1. Project a positive attitude about school and confidence that your children will experience success and happiness. Communicate to your children through words and body language that you are excited about the new school year and confident they will enjoy it. Children pick up on the messages we send, so make those messages optimistic and hopeful.
2. Establish supportive home routines. The school year calls for renewed attention to home routines, such as those surrounding bedtime, morning, and meals. Children appreciate and thrive on the routines that we parents establish. It gives them comfort and security and better prepares them for the routines and expectations of the school day.
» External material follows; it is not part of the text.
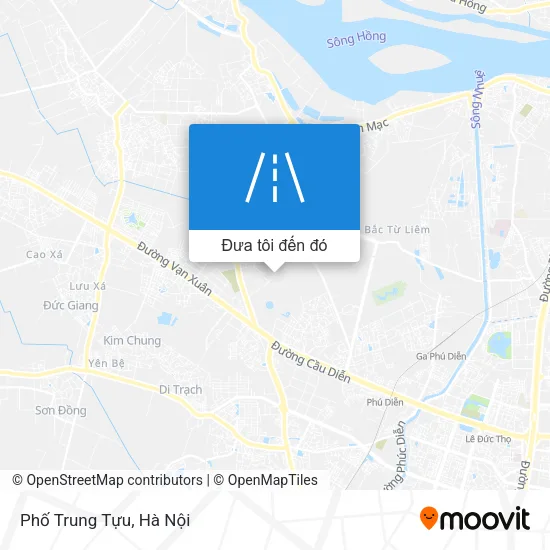 Bản đồ Phố Trung Tựu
One routine consistently correlated with success in school is the family dinner, all family members around the table together—make it a habit as often as possible.
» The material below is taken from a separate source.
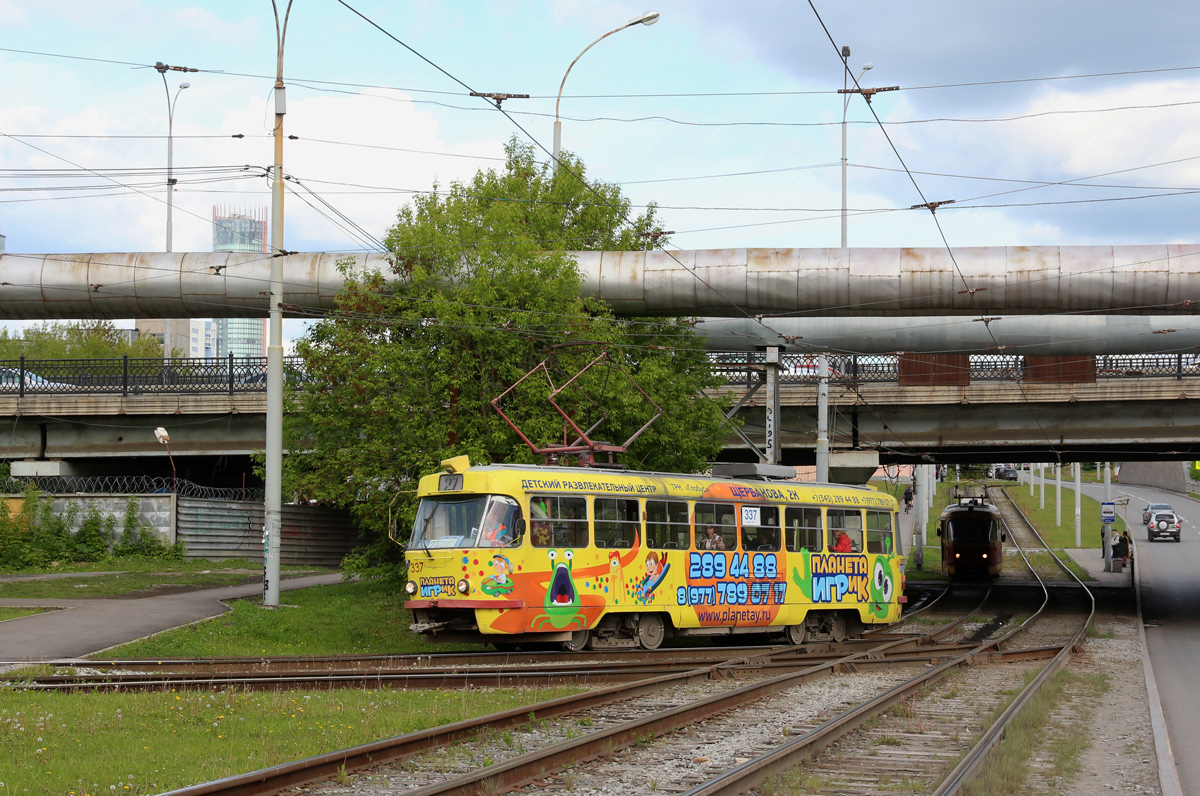 Екатеринбург, Tatra T3SU № 337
3. Avoid the temptation to make schooling a competitive sport by over-focusing on grades. Our culture is plagued by competitiveness in all areas of life—sports, fashion, looks, talents, wealth, and more. Let’s protect our children’s school experience from this hyper-competitiveness by focusing on their own gifts and talents and avoiding comparisons with others.
4. Remember that homework is a contract between the teacher and the student, not between the teacher and the parent. Somewhere along the way, many parents have come to believe that children are incapable of doing their own homework. This is not good for the child, who needs to learn how to deal with his own responsibilities, or for the parent, whose anxiety level and patience are often strained to the breaking point over homework issues. Homework is the child’s responsibility, not the parents’. (And school personnel need to assist in this area by ensuring that the amount of homework is reasonable and the quality is such that the child is capable of doing it on her own.)
5. Establish family rules related to TV, computer, and video game usage. There is a place for electronic learning (and playing), but every minute in front of a monitor is a minute away from family communication. No one forms a healthy relationship with a monitor; we only form relationships with real people, and home is where those relationships and the life skills surrounding them are born and developed.
6. Make optimum use of parent/child time during trips to and from school. Make travel time between school and home a cell phone-free experience. Think of the message we send our children when our attention is given to others on the way to and from school. And think of the message we give them when we put aside our cell phone and tune into what’s going on in their lives.
7. Avoid the temptation to over-involve your children in after-school activities. Life is getting busier every year for our children, as well as for the parent, usually Mom, whose job it has become to spend late afternoons and evenings as family chauffer. How many activities our children should participate in is a personal choice, and a key word here is balance—for example, one sport at a time might be a good rule of thumb. If we adults insist on leading harried, distracted, overworked lives, let us at least spare our children that. Children need far fewer activities after school and far more family time with Mom and Dad.

And one more tip for good measure: Take care of yourself. I love the metaphor of the oxygen mask, in the familiar words of the flight attendant: “If you are traveling with a small child, put the oxygen mask on yourself first, then on your child.” We are no help to anyone if we are not taking good care of ourselves. Take care of yourself—physically, mentally, emotionally, socially, relationally, and spiritually. Make it a priority—for your sake, as well as for your children’s.